はじめに

電話のかわりにメールやチャット、新聞を読むかわりにネットでニュースを検索するデジタルライフスタイルが広まってから、一体どのくらいの月日が過ぎたのでしょうか。

ITU(国際電気通信連合)の発表によると、世界のインターネット利用者数は、2010年中に20億人を突破する勢いで伸びているそうです。

ネットワークにつながっている便利さ。それとは裏腹に、つながっているからこそ気をつけなければならないことがあります。それはコンピュータウィルス対策です。

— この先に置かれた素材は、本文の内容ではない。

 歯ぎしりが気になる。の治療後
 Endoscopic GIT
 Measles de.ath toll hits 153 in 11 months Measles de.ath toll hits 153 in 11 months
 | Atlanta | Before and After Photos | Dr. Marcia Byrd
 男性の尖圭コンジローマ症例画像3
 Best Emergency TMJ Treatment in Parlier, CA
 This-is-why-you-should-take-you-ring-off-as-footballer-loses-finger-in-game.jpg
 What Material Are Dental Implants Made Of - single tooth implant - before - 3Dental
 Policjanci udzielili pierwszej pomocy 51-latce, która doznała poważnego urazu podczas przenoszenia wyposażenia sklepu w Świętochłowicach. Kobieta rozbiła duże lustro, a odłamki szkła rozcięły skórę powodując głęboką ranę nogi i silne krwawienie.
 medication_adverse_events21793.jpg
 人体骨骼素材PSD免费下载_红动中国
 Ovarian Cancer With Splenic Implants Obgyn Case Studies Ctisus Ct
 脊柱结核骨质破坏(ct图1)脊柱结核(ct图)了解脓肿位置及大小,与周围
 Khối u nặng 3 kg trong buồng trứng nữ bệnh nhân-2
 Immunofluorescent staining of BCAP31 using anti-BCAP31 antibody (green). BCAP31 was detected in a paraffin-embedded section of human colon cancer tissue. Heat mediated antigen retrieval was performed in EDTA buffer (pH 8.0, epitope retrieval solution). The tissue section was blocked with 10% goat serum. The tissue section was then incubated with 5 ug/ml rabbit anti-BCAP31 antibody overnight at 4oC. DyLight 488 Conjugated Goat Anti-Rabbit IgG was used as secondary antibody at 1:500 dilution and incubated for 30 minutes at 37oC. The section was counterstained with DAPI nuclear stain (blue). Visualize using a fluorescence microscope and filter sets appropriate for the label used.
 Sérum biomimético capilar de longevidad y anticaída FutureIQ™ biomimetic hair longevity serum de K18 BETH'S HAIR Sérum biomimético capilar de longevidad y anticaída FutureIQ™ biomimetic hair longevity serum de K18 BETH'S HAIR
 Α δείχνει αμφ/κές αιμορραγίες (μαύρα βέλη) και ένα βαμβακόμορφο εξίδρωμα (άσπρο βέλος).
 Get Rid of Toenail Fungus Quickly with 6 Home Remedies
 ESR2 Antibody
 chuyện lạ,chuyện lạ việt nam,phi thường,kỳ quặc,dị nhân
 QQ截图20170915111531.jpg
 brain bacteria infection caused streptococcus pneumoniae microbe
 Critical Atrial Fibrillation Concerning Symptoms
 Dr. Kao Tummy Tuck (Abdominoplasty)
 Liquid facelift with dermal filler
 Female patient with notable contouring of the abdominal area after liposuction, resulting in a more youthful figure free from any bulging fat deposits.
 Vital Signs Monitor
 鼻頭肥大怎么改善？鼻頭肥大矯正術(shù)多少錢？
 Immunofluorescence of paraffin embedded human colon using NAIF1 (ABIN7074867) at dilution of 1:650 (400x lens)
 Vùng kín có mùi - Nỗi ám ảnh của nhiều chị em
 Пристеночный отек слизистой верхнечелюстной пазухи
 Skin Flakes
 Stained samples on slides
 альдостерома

咳やくしゃみをするときに手で口を押さえること。これはマナー。同様にコンピュータウィルスへの対策を施すことは、世界とつながるネットワーク上のマナーです。

他人事として見過ごすことのないように、日頃からコンピュータウィルス対策を行いましょう。

コンピュータウイルス対策の基本

コンピュータウィルス対策とは、予防、発見、修復(あるいは駆除)すること。風邪の対策と似ていませんか?

感染しないにこしたことはありませんが、感染してしまった時には、慌てずに修復(ウィルスを駆除)することが大切です。

この予防・発見・修復を一手に引き受けてくれるのが、ウィルス対策(またはアンチウィルス)ソフトと呼ばれるソフトウェア製品です。

どのような OS(例:Windows、MAC)を利用している場合でも、必ずウィルス対策ソフトをインストールしておきましょう。

予防する

まずは、ウィルス対策ソフトをインストールしましょう。

インストール後、まずウィルス定義と呼ばれるデータを更新(アップデート)しましょう。詳しい手順は、ご購入製品に付属のマニュアルを参照してください。

風邪と同じように、新型コンピュータウィルスや既存コンピュータウィルスの亜種が日々発見されています。

これら新たなウィルスを見逃すことのないよう、ウィルス対策製品各社は、しのぎを削って、ウィルス定義ファイル(ウィルスを特定し、対策するためのプログラム)を作成しています。

ウィルス定義ファイルは毎日更新する必要があります。お使いのソフトの設定を「コンピュータ起動後に毎回アップデート」などに設定しておくとよいでしょう。

発見する

ウィルス対策ソフトがコンピュータのデータをチェックする「頻度」と「範囲」を設定します。

通常、どのソフトを使用されている場合でも、毎回起動時には、簡単なスキャン(ウィルスの感染チェック)が実行されます。

これ以外に、コンピュータ上の全データを対象とするフルスキャン実行のタイミング(例:毎週1回、毎月1回)を設定しておく必要があります。

詳しくは、お使いのソフト付属のマニュアルを参照してください。少なくとも月に1度は、コンピュータ上の全データをチェックすることが重要です。
感染したコンピュータで使用されていたUSBメモリやディスク経由で感染することがあります。他者から受け取ったメモリやディスク内のデータを利用する前に、個別にスキャンする習慣をつけましょう。

修復する

万一、コンピュータウィルスの感染が判明した場合には、ウィルス対策ソフトの指示に従って、修復または駆除しましょう。

修復・駆除後、必ず、コンピュータ上の全データを対象に、ウィルスのフルスキャンを実行するようにしましょう。

おわりに

悪意のウィルス作成者と善意のウィルス定義(ウィルス対策用の定義ファイル)作成者は、いたちごっこを続けているのが現状です。

風邪と同じで、まったく世の中からなくなることはありませんが、それぞれがマナーを徹底するだけで、悪意あるウィルスの拡散を抑制することができます。

ネットを利用する者のマナーとして、予防・(早期)発見・修復を徹底しましょう!